3.1. Data Description
This study collected a total of 436 well entries from the critical region of the XL block, including 106 from the XL block and 330 from the Y block. The dataset comprises geological, engineering, and production data, covering 13 key geological parameters, 44 engineering parameters, and 12 major production parameters. Geological and engineering parameters were used as input features for model training, while production parameters served as target output variables.
In the study area where multilayer commingled production is common in fractured wells, it was essential to allocate the total fluid production from each well to individual layers to assess their respective contributions. Based on regional geological characteristics, four stratified allocation methods were applied using relative geological parameter weights:
- (1)
Production allocation based on the ratio of individual layer thickness to total thickness of the commingled production zone;
- (2)
Production allocation based on the ratio of porosity–thickness product of each layer to the total porosity–thickness product of the commingled zone;
- (3)
Production allocation based on the ratio of permeability–thickness product of each layer to the total permeability–thickness product of the commingled zone;
- (4)
Production allocation based on the ratio of porosity–permeability–thickness product of each layer to the total porosity–permeability–thickness product of the commingled zone.

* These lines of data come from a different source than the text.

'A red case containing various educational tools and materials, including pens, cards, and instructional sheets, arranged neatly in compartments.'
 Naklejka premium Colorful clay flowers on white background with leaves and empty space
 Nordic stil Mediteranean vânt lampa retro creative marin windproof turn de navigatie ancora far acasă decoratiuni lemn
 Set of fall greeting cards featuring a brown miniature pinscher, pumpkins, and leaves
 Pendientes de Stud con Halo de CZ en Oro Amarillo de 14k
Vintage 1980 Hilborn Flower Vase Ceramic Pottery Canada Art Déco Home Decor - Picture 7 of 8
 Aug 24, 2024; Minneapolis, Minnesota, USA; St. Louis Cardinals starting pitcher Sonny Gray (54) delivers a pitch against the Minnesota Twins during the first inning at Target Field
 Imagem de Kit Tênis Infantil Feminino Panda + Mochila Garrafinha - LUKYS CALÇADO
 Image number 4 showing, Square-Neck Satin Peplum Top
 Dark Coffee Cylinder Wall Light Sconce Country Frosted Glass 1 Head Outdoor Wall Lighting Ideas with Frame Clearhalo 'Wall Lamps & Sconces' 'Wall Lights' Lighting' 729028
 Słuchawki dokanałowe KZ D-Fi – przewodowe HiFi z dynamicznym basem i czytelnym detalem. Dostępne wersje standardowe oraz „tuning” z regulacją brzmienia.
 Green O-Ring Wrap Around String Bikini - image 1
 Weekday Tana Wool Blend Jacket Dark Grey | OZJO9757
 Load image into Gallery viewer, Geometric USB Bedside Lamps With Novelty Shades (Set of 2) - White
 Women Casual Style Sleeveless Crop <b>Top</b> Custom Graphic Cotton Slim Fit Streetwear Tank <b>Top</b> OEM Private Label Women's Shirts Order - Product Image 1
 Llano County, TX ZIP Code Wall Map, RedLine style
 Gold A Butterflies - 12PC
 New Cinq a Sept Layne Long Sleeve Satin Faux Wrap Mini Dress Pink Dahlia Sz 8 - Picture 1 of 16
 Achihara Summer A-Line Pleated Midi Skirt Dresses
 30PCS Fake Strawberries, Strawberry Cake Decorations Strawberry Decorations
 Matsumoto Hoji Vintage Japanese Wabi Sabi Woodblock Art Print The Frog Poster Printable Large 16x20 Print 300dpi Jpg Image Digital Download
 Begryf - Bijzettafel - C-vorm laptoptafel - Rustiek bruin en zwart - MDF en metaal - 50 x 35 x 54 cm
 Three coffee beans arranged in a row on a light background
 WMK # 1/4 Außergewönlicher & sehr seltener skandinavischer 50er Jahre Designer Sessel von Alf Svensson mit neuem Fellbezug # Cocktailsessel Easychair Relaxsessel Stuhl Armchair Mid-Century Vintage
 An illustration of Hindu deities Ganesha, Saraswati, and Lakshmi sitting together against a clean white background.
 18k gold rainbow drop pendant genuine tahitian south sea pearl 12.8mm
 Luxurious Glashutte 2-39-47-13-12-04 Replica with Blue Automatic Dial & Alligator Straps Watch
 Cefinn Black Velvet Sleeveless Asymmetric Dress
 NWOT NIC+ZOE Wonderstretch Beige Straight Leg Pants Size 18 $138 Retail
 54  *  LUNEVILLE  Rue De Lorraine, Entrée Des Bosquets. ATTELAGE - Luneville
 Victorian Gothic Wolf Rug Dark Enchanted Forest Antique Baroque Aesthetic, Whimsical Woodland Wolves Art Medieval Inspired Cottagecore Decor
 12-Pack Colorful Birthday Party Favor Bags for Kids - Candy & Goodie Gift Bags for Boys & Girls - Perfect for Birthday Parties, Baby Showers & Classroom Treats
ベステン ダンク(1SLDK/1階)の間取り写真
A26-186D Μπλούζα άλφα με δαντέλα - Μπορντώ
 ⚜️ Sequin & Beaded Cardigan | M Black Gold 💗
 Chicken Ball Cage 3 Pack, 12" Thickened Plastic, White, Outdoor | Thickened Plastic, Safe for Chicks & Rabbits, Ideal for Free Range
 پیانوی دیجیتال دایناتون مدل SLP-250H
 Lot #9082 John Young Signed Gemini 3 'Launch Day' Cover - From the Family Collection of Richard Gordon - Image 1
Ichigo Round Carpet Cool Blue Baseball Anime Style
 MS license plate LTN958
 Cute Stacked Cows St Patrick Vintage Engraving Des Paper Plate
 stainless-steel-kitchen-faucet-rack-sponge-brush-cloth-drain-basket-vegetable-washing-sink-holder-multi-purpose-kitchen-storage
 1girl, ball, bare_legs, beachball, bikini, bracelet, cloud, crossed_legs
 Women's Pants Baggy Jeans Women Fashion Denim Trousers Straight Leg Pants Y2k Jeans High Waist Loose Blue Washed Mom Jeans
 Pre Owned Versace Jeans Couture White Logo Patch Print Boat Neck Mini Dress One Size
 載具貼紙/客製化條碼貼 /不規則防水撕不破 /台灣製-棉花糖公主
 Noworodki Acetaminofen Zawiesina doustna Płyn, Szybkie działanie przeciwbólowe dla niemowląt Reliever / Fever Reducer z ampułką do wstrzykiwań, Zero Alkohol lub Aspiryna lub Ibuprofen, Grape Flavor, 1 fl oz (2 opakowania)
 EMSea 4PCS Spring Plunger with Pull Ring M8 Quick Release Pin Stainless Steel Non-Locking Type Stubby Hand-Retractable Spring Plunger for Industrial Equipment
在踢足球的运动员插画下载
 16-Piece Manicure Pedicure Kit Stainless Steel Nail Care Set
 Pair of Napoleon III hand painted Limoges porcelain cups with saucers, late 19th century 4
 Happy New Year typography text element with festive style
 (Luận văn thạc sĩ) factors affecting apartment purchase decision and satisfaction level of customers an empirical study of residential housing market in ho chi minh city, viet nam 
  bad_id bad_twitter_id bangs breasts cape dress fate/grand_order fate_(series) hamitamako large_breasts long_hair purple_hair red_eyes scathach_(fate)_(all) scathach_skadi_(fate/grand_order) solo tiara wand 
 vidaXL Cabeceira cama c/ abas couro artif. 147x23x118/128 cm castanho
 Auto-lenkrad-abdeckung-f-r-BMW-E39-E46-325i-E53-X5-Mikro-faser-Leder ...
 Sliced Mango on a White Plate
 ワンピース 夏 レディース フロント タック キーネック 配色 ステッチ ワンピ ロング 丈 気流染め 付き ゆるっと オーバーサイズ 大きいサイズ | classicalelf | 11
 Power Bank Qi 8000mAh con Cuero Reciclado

These methods enable the quantitative and rational stratified allocation of total production to individual layers based on their geological weights in the commingled production system. Considering the long production cycles and complex influencing factors after fracturing, where long-term production is susceptible to multiple interfering factors such as formation energy depletion, changes in fluid properties, and late-stage development adjustments, whereas short-term production can more directly reflect the fracturing stimulation effect and minimize interference from irrelevant variables, this study selected two core target parameters: 30-day total fluid production and 30-day incremental fluid production. The 30-day total fluid production refers to the cumulative fluid output within 30 days after fracturing. The 30-day incremental fluid production is defined as the difference between the 30-day total fluid production post-fracturing and the corresponding value prior to fracturing, as illustrated in
Figure 1. To account for potential discrepancies in actual production durations before and after fracturing, both values were normalized to hourly total fluid production.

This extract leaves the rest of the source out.